BEGIN

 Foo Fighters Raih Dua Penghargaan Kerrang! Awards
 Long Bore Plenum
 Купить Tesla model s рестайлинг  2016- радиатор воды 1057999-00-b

END
BEGIN

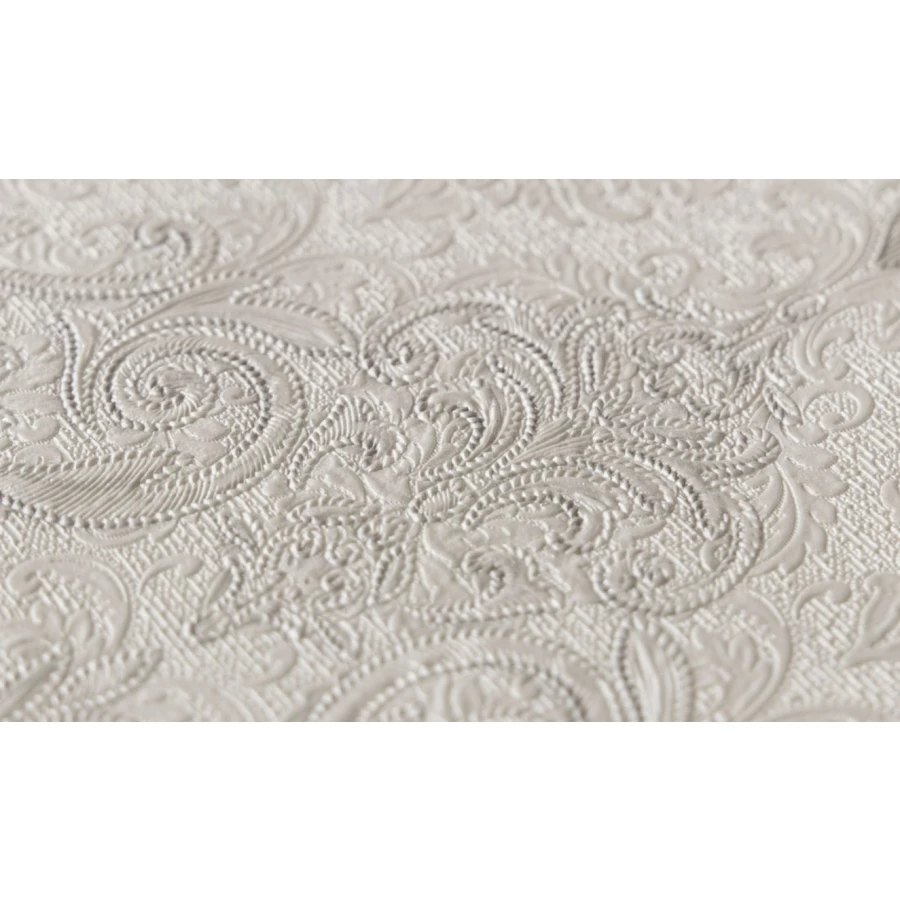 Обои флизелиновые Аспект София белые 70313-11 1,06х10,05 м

END

**Required work:** Looking at the data above, return every line from the one with "Long Bore Plenum" down to the one with "Купить Tesla model", exactly and inclusively.

**Task solution:**
 Long Bore Plenum
 Купить Tesla model s рестайлинг  2016- радиатор воды 1057999-00-b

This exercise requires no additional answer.